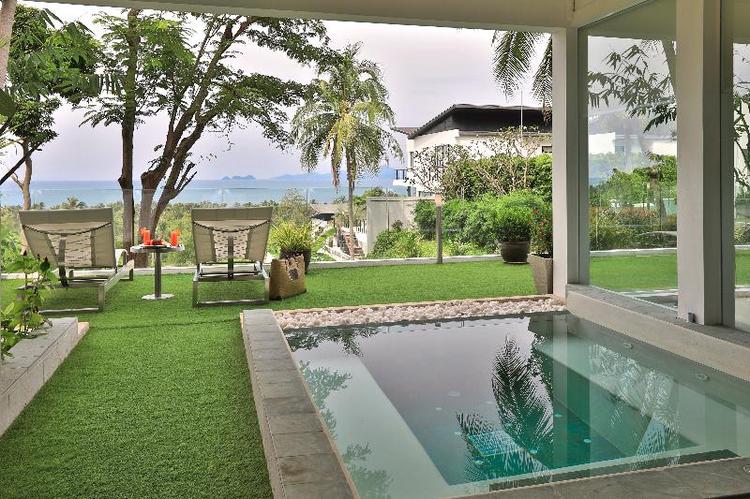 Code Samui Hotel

◆ ◆ ◆ ◆ ◆ ◆ ◆

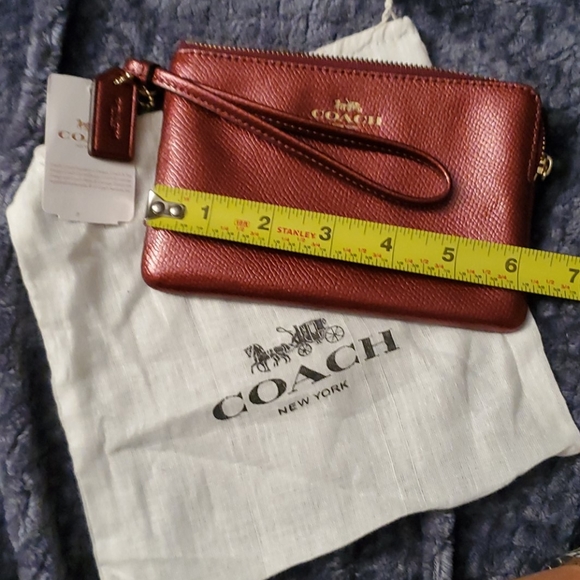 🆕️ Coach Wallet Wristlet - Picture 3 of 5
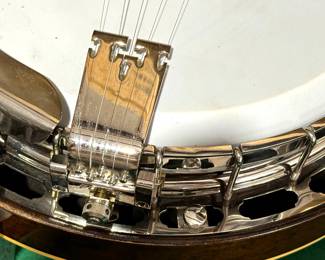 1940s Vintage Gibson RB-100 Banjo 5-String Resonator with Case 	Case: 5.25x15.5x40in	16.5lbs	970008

◆ ◆ ◆ ◆ ◆ ◆ ◆

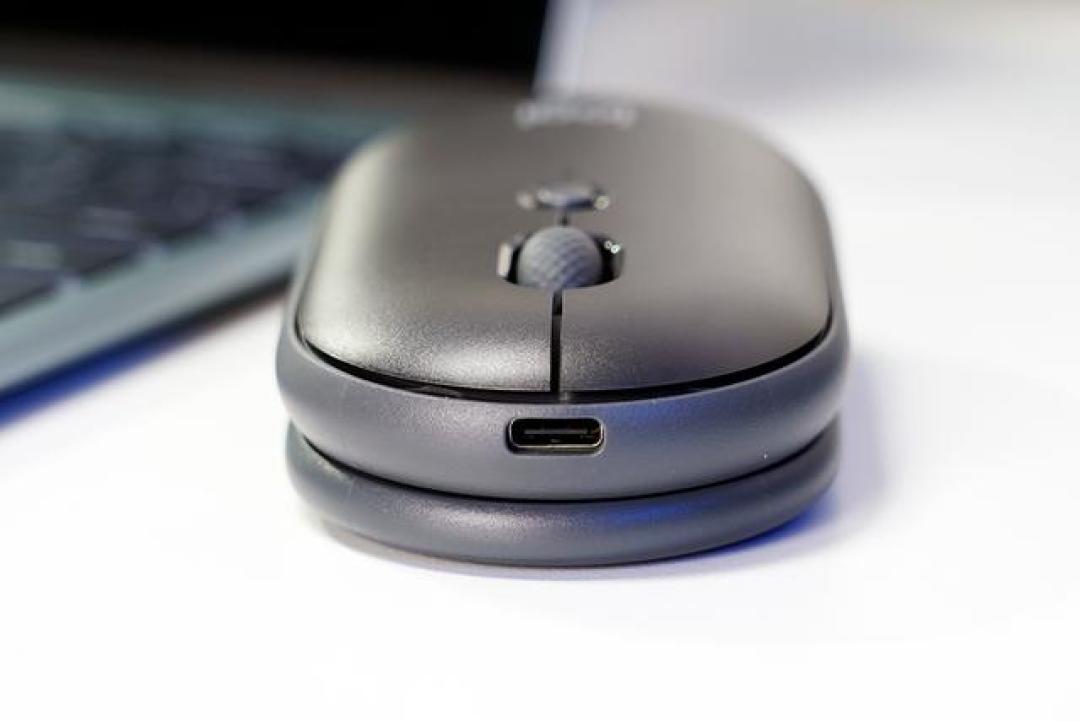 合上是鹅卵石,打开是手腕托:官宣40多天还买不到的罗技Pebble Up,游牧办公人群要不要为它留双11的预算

◆ ◆ ◆ ◆ ◆ ◆ ◆

In the listing above, find the line containing "Picture 3 of 5" and the line containing "1940s Vintage Gibson", then print exactly those two lines and every line between them, minus the pictures.

▸ Written answer
 🆕️ Coach Wallet Wristlet - Picture 3 of 5
 1940s Vintage Gibson RB-100 Banjo 5-String Resonator with Case 	Case: 5.25x15.5x40in	16.5lbs	970008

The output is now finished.